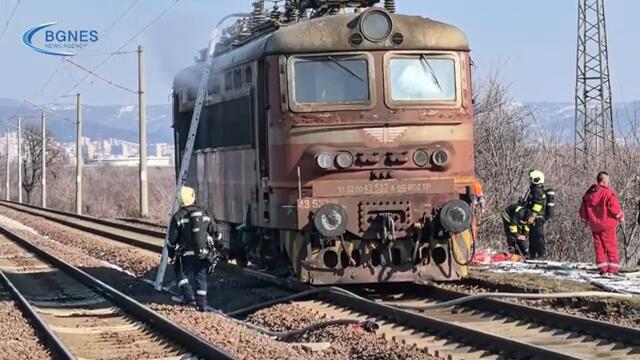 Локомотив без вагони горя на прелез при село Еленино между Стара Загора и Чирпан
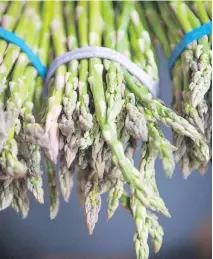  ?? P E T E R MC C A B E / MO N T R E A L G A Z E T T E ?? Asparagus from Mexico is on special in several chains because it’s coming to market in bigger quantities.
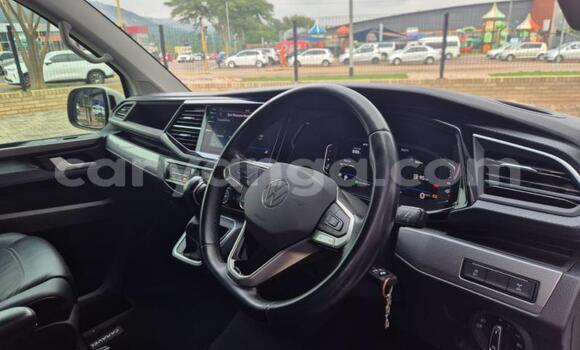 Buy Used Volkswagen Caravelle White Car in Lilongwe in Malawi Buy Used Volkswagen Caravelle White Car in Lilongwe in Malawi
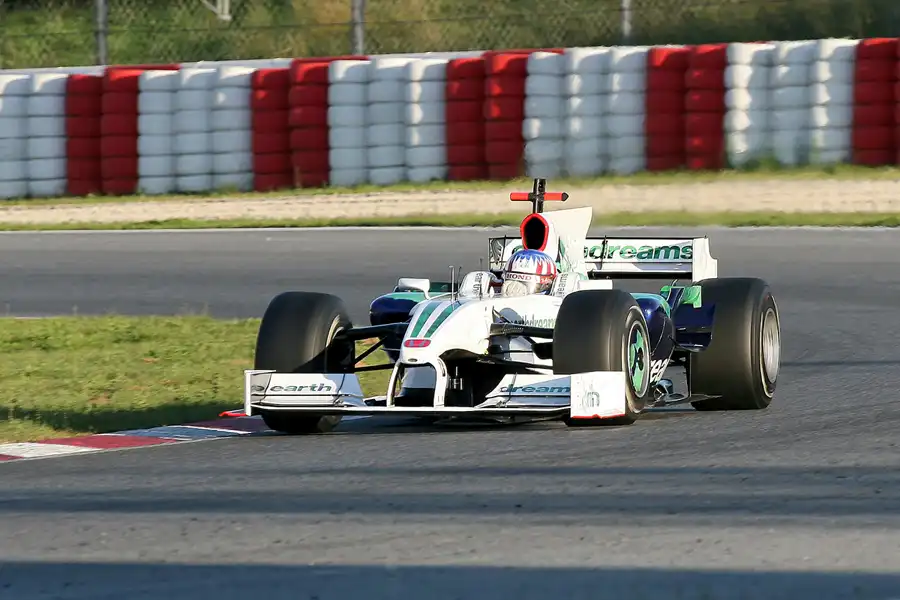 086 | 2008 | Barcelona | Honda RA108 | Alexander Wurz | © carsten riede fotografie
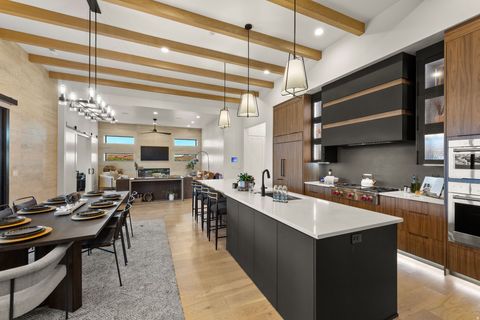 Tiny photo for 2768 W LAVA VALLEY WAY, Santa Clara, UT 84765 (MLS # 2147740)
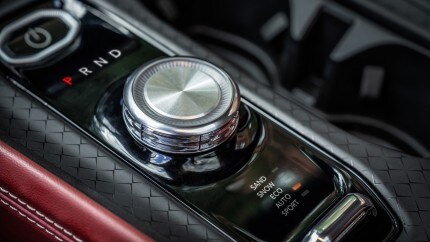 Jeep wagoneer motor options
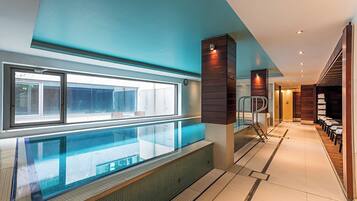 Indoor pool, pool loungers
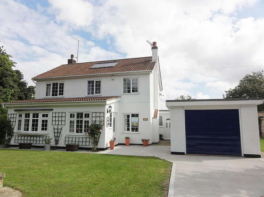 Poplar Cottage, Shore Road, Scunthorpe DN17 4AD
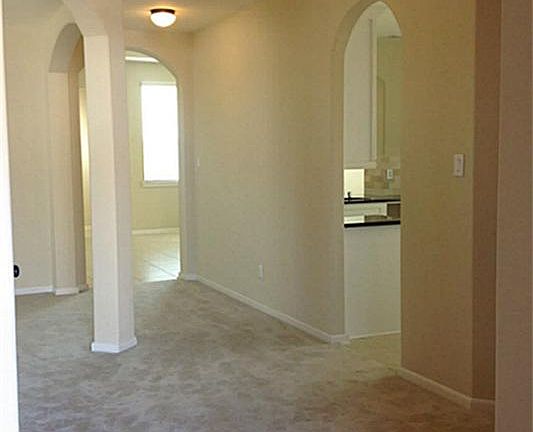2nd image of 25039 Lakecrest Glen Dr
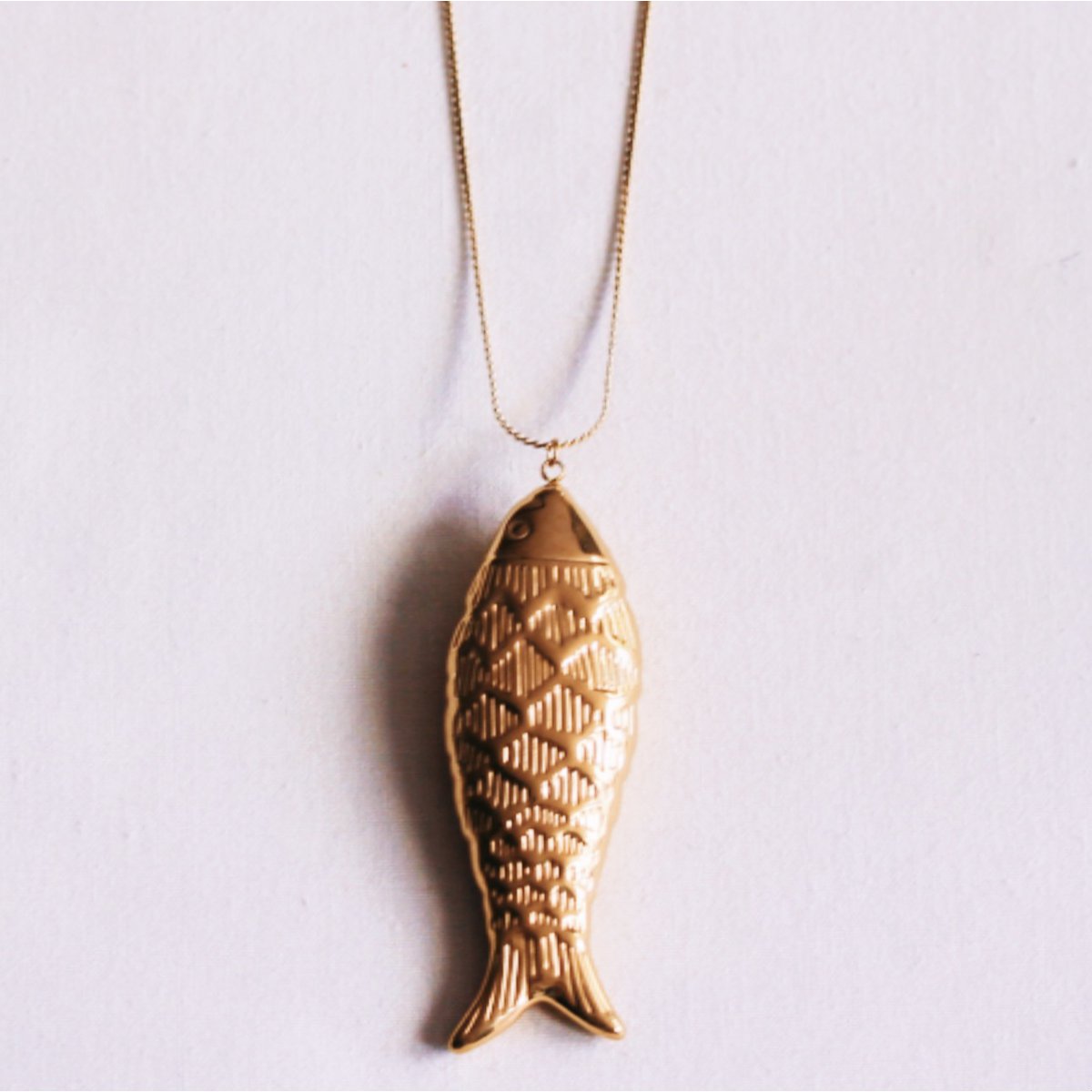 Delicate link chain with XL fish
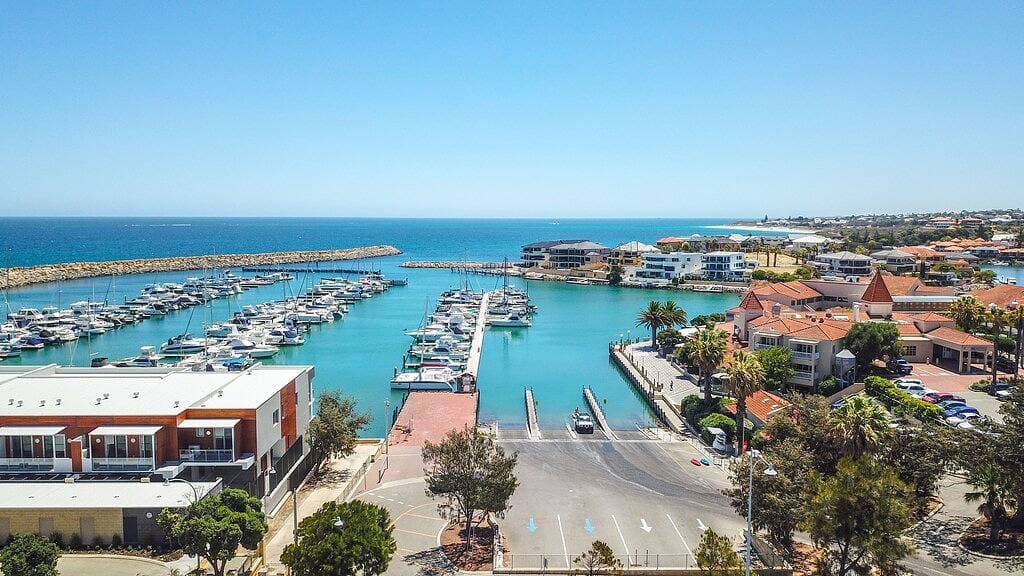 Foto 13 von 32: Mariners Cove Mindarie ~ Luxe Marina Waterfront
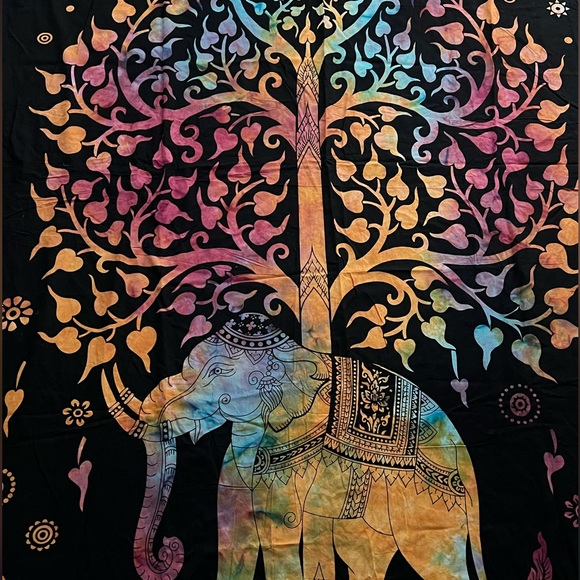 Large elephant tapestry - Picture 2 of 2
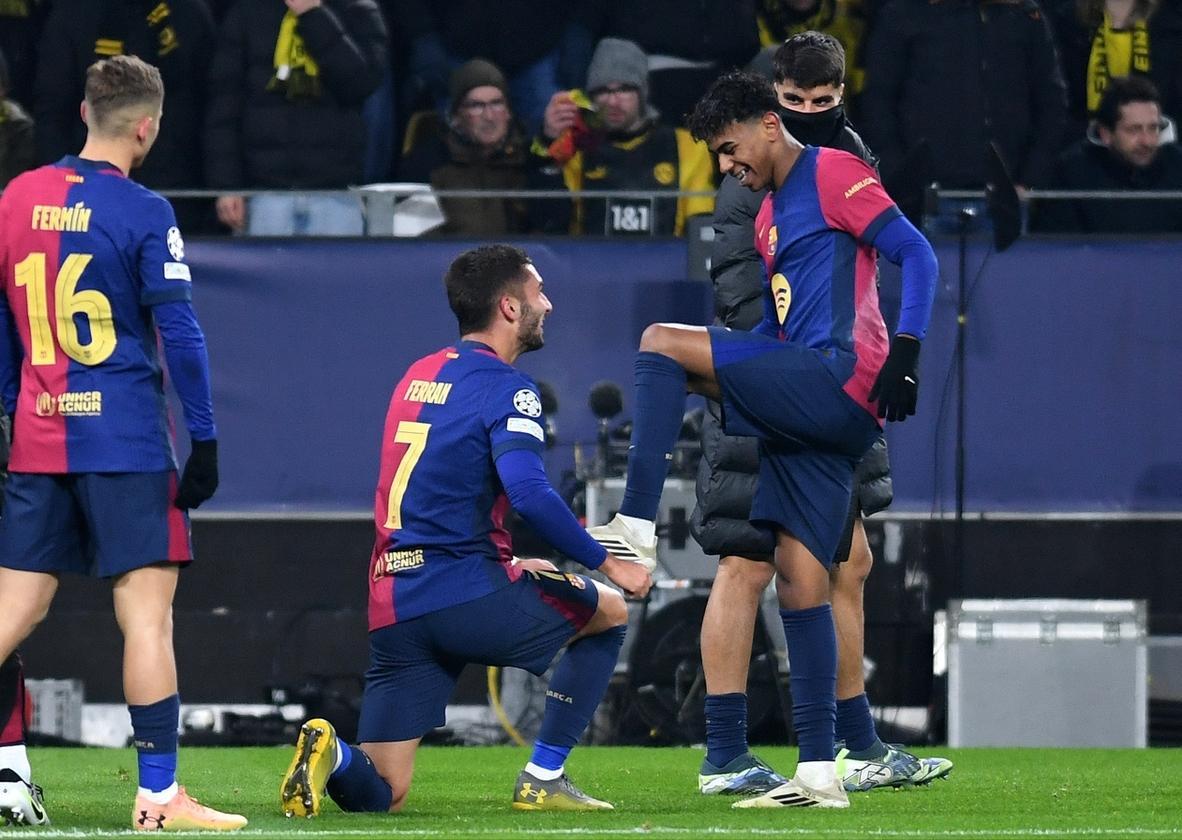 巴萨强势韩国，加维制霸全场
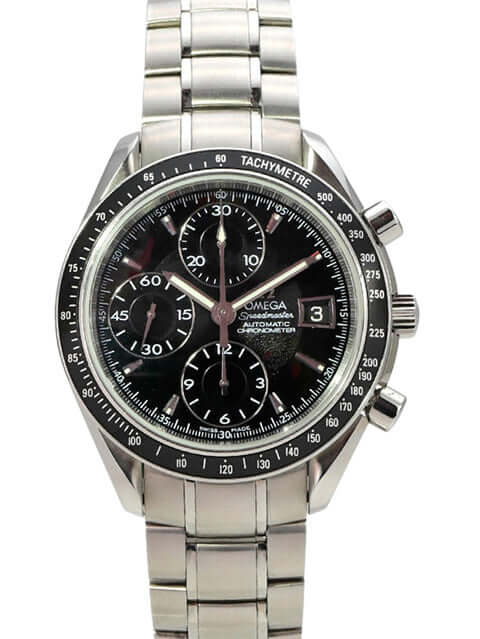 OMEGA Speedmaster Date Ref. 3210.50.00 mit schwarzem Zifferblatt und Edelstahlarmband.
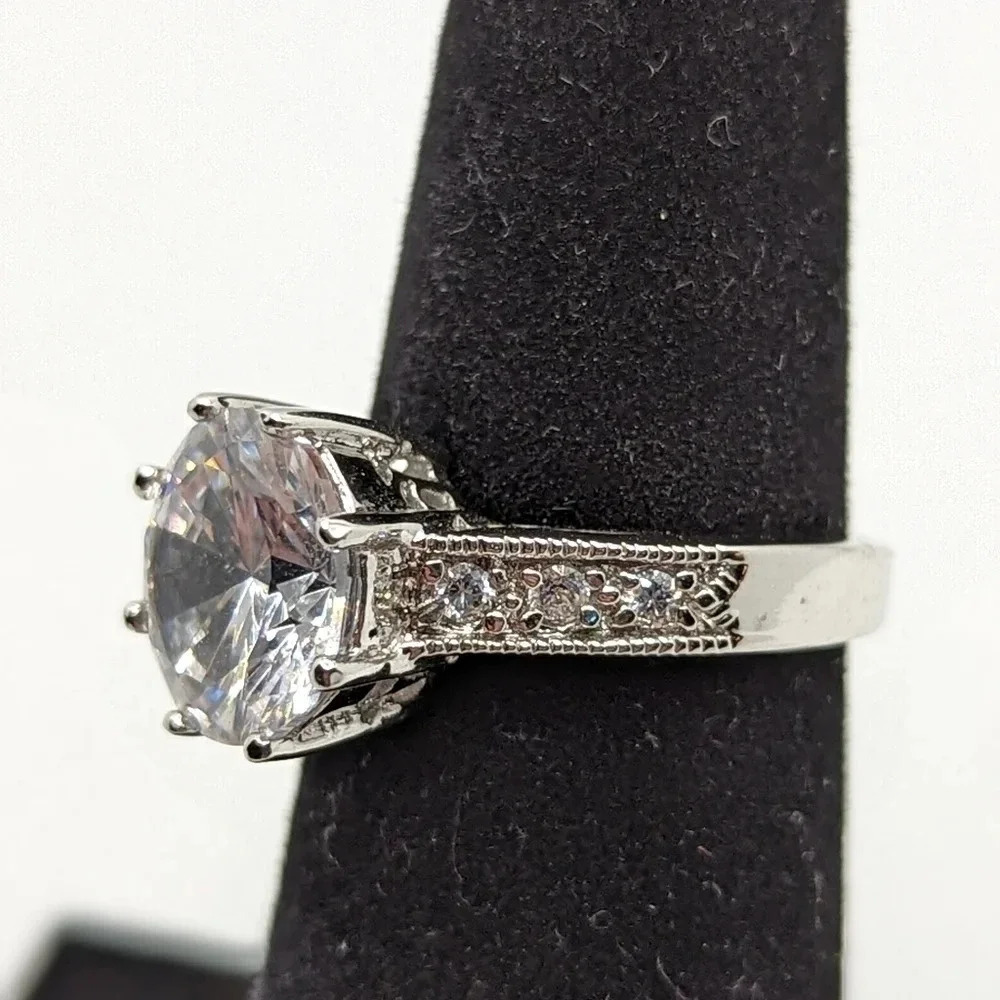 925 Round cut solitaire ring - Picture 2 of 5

┄┄┄┄┄┄

§ Work task: Nothing but the lines from the one containing "in bigger quantities." through the end of the listing should be written out, each exactly, and pictures must be left out.

§ Output of the exercise:
  ?? P E T E R MC C A B E / MO N T R E A L G A Z E T T E ?? Asparagus from Mexico is on special in several chains because it’s coming to market in bigger quantities.
 Buy Used Volkswagen Caravelle White Car in Lilongwe in Malawi Buy Used Volkswagen Caravelle White Car in Lilongwe in Malawi
 086 | 2008 | Barcelona | Honda RA108 | Alexander Wurz | © carsten riede fotografie
 Tiny photo for 2768 W LAVA VALLEY WAY, Santa Clara, UT 84765 (MLS # 2147740)
 Jeep wagoneer motor options
 Indoor pool, pool loungers
 Poplar Cottage, Shore Road, Scunthorpe DN17 4AD
2nd image of 25039 Lakecrest Glen Dr
 Delicate link chain with XL fish
 Foto 13 von 32: Mariners Cove Mindarie ~ Luxe Marina Waterfront
 Large elephant tapestry - Picture 2 of 2
 巴萨强势韩国，加维制霸全场
 OMEGA Speedmaster Date Ref. 3210.50.00 mit schwarzem Zifferblatt und Edelstahlarmband.
 925 Round cut solitaire ring - Picture 2 of 5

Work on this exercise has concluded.